### WHAT TO WORK ON
Copy verbatim the block of lines in the entries below whose first line contains "Exhibit of Vascular Anatomy of Dorsum of Foot. Exhibit" and whose last line contains "Laser แนะนำเทคนิคดูแลรูขุมขนกว้าง: ตัวอย่างผลการดูแลรูขุมขนกว้าง". Leave out all other lines.

### SUPPLIED DATA
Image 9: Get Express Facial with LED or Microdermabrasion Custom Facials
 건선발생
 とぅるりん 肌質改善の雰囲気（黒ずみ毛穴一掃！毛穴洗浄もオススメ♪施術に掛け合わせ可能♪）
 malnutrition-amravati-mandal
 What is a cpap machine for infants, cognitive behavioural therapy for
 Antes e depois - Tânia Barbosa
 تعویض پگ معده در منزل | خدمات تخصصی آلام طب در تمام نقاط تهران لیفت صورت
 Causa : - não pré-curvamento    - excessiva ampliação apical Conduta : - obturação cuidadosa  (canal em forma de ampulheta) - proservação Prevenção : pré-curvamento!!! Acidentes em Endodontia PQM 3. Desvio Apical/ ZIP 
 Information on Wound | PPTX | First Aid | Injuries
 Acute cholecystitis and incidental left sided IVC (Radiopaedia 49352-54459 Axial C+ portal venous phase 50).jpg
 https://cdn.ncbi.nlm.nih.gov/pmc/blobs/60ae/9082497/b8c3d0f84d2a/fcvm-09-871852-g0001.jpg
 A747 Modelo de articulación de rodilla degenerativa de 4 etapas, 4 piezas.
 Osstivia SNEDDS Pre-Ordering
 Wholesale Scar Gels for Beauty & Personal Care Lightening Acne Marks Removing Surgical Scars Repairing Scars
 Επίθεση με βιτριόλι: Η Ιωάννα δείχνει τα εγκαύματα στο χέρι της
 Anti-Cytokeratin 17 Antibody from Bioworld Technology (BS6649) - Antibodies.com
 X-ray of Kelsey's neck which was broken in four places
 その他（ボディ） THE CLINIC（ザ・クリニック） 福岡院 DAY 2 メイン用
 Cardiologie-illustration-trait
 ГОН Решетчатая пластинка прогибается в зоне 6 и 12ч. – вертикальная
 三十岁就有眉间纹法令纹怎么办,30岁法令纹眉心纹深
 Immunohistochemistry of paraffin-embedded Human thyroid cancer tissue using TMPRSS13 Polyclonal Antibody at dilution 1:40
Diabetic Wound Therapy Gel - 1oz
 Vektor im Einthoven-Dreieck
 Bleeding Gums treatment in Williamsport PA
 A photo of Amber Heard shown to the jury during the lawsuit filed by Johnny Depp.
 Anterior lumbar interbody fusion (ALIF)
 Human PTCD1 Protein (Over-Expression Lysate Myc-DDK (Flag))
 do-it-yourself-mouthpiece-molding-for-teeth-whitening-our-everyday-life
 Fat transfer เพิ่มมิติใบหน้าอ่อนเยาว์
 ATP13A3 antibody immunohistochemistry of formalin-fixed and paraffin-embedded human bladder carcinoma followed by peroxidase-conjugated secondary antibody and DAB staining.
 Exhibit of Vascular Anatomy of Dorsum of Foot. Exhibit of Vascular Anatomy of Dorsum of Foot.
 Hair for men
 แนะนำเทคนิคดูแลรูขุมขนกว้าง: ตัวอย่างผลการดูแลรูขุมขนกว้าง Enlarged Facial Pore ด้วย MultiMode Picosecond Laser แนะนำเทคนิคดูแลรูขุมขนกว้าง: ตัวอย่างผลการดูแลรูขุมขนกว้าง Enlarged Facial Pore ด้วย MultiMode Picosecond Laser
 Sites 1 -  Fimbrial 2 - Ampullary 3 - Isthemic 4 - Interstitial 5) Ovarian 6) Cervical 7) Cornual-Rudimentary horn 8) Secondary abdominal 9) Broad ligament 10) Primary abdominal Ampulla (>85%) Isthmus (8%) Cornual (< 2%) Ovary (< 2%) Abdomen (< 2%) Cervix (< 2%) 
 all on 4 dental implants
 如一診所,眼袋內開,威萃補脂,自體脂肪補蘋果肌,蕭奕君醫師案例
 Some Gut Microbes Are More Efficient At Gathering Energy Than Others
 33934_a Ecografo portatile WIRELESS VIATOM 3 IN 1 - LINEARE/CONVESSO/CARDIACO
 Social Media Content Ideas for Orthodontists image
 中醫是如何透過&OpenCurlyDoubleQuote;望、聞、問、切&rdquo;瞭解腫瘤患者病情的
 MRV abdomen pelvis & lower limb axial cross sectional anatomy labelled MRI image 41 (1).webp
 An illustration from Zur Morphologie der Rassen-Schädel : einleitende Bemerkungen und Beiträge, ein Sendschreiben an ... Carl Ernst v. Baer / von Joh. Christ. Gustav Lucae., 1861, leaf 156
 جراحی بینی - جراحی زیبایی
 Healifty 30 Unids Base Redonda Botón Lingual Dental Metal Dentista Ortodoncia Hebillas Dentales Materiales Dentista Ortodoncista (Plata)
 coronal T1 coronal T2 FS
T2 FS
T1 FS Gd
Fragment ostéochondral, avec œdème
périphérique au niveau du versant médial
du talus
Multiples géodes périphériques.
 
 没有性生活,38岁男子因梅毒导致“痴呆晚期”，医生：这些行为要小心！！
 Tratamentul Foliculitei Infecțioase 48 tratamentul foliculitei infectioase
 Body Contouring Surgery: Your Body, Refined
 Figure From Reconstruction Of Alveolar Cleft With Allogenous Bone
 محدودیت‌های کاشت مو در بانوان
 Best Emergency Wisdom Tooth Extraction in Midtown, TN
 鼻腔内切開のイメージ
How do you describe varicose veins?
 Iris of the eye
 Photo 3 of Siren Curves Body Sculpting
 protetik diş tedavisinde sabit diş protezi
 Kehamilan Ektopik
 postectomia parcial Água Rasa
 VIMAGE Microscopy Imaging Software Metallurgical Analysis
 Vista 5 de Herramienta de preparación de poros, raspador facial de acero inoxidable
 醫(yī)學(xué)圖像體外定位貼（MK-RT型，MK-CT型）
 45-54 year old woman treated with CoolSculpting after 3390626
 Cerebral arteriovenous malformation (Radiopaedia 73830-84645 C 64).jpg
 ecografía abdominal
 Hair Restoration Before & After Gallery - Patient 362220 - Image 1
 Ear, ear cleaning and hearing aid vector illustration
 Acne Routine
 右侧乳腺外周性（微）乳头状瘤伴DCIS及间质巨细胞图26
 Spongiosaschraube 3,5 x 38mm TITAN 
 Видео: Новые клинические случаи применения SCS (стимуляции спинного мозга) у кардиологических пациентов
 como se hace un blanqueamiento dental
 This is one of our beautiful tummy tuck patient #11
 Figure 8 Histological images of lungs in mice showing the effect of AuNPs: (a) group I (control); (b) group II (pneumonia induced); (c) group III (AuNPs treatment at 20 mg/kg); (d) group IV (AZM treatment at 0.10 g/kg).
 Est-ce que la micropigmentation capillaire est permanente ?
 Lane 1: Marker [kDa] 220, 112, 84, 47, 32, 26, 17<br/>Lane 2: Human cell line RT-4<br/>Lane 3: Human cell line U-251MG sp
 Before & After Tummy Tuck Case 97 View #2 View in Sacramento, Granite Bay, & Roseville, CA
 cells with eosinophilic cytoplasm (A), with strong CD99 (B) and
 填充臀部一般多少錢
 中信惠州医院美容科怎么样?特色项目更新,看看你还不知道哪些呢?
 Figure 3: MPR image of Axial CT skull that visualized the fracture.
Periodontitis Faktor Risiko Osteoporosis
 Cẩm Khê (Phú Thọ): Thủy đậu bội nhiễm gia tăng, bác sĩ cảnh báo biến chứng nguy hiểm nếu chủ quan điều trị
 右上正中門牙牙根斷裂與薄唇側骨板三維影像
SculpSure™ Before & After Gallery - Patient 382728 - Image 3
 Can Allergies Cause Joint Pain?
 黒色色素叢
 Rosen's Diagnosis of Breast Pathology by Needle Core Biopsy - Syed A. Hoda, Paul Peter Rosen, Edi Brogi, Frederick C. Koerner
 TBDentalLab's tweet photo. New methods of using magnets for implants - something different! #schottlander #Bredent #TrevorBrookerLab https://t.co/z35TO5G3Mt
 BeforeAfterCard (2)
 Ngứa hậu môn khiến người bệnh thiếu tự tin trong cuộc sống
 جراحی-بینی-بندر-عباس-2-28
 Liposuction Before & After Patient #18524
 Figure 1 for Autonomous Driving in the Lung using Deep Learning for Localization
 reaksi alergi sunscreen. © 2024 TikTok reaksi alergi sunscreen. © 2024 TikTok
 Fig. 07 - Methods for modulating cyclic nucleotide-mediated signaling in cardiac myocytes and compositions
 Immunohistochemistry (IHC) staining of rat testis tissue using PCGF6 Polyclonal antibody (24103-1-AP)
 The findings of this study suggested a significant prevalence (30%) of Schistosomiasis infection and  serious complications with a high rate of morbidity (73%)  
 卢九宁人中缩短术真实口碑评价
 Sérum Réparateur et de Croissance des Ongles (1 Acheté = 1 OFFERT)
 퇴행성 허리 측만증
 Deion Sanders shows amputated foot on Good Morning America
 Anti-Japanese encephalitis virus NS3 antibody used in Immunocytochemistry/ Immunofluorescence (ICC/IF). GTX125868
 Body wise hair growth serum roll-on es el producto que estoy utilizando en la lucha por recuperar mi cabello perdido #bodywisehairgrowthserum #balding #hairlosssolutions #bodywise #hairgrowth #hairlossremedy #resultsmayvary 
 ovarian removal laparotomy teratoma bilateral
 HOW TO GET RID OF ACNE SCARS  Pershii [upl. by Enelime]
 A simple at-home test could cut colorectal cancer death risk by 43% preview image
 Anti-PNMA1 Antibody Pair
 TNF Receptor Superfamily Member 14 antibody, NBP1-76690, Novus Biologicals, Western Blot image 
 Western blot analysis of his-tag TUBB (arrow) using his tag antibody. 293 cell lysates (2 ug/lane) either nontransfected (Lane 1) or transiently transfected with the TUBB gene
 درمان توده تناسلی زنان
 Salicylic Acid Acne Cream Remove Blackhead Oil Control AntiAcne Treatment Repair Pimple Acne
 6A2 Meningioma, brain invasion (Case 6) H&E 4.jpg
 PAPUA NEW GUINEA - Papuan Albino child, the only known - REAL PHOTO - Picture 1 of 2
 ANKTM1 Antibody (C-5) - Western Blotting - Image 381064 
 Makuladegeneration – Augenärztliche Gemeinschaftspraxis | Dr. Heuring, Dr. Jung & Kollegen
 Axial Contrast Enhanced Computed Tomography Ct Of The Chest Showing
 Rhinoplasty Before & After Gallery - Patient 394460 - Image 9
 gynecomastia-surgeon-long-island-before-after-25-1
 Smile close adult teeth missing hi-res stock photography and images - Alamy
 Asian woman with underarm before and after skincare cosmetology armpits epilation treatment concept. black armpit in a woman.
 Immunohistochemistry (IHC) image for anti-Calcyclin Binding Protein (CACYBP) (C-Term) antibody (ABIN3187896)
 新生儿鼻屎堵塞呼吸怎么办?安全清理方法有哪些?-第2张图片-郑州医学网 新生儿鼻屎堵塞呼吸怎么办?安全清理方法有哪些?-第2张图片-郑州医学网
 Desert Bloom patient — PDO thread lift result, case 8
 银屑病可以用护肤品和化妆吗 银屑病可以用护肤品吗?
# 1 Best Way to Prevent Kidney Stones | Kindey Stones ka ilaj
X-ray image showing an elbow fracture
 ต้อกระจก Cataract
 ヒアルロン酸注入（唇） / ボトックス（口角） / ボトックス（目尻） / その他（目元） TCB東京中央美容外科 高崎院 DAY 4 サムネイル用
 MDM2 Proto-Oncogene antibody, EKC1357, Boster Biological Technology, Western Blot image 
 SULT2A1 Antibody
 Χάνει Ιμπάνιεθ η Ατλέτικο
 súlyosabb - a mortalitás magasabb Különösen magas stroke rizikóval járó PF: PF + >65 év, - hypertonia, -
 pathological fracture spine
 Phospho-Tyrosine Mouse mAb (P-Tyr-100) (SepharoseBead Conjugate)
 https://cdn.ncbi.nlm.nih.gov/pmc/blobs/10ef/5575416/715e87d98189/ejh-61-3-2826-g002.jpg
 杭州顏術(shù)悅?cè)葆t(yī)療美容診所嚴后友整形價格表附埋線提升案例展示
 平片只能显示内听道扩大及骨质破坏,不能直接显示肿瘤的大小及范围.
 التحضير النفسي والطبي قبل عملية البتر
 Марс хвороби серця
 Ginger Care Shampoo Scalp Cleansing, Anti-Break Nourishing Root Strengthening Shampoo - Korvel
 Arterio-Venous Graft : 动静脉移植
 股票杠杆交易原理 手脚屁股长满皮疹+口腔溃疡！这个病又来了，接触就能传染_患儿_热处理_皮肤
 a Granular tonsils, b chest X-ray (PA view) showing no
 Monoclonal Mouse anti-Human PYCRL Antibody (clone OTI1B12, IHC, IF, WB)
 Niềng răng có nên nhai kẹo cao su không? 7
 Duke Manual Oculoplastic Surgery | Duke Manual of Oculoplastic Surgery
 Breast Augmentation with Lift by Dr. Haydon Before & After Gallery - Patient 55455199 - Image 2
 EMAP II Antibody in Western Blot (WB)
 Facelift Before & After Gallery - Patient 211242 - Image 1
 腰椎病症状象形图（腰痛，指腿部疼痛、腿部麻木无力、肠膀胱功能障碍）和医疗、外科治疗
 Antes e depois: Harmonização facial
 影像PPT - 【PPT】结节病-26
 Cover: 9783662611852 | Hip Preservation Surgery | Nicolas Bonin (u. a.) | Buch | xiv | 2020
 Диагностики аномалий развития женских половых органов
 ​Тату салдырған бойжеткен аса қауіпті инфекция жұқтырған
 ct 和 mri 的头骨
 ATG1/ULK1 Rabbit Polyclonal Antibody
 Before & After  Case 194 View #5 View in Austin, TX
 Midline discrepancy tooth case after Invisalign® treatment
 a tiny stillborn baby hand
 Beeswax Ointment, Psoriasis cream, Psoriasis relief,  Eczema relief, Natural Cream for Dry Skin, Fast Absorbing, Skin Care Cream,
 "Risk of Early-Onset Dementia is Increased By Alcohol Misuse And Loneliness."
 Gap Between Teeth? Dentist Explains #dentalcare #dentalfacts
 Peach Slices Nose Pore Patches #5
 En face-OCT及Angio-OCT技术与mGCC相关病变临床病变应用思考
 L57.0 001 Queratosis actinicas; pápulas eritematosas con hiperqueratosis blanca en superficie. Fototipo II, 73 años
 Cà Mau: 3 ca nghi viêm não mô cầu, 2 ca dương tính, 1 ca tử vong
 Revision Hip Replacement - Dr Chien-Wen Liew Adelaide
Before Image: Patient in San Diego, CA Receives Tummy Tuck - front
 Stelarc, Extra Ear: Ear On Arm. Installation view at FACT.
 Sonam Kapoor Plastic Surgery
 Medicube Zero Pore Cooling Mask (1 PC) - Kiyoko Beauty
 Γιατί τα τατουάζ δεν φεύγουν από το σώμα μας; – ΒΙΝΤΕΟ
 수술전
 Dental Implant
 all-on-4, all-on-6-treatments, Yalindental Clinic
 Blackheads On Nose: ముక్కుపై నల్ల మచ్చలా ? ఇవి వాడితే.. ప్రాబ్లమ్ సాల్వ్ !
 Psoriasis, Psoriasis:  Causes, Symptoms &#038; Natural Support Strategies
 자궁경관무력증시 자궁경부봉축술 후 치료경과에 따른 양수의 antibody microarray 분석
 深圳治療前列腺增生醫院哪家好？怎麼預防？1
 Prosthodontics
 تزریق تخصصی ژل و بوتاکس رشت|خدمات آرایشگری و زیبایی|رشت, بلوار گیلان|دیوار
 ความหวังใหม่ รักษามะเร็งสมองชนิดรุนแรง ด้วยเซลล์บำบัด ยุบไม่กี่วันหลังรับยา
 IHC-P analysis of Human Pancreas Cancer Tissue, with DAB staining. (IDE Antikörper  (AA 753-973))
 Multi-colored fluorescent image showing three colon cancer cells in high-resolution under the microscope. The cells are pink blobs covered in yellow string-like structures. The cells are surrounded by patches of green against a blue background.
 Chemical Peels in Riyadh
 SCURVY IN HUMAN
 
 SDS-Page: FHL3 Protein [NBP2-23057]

### TASK OUTPUT
 Exhibit of Vascular Anatomy of Dorsum of Foot. Exhibit of Vascular Anatomy of Dorsum of Foot.
 Hair for men
 แนะนำเทคนิคดูแลรูขุมขนกว้าง: ตัวอย่างผลการดูแลรูขุมขนกว้าง Enlarged Facial Pore ด้วย MultiMode Picosecond Laser แนะนำเทคนิคดูแลรูขุมขนกว้าง: ตัวอย่างผลการดูแลรูขุมขนกว้าง Enlarged Facial Pore ด้วย MultiMode Picosecond Laser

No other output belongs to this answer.